7 Functions

So far we have been writing code to handle specific situations such as subsetting a single data.frame. In cases where you want to reuse the code it is unwise to simply copy and paste the code and make minor changes to handle the new data. Instead we want something that is able to take multiple values and perform the same action (subset, aggregate, make a plot, webscrape, etc) on those values. Code where you can input a value (such as a data.frame) and some (often optional) instructions on how to handle that data, and have the code run on the value is called a function. We’ve used other people’s function before, such as c() or mean() or grep().

Think of it like a stapler - you put the paper in a push down and it staples the paper together. It doesn’t matter what papers you are using, it always staples them together. If you needed to buy a new stapler every time you needed to staple something you’d quickly have way too many staples (and waste a bunch of money).

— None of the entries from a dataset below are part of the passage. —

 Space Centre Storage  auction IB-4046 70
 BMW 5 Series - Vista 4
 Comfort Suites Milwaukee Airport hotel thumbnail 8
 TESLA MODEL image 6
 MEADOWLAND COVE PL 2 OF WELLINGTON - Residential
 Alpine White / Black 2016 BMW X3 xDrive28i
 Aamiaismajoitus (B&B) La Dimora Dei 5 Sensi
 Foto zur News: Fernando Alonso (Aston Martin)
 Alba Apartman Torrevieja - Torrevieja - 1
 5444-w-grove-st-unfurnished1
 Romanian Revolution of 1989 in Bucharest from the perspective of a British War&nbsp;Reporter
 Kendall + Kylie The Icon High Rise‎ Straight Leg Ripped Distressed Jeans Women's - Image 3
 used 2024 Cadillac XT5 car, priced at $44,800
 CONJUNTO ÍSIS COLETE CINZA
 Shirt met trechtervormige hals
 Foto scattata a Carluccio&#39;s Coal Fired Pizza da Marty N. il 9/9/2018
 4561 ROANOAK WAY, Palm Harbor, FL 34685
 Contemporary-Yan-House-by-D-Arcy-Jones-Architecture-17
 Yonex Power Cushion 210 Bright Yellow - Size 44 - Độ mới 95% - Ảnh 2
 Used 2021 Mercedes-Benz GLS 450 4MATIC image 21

An important benefit is that you can use this function again and again to help solve other problems. If, for example, you have code that cleans data from Philadelphia’s crime data set, if you wanted to use it for Chicago’s crime data, making a single function is much easier (to read and to fix if there is an issue) than copying the code. If you wanted to use it for 20 cities, copy and pasting code quickly becomes a terrible solution - functions work much better. If you did copy and paste 20 times and you found a bug, then you’d have to fix the bug 20 times. With a function you would change the code once.

7.1 A simple function

We’ll start with a simple function that takes a number and returns that number plus the value 2.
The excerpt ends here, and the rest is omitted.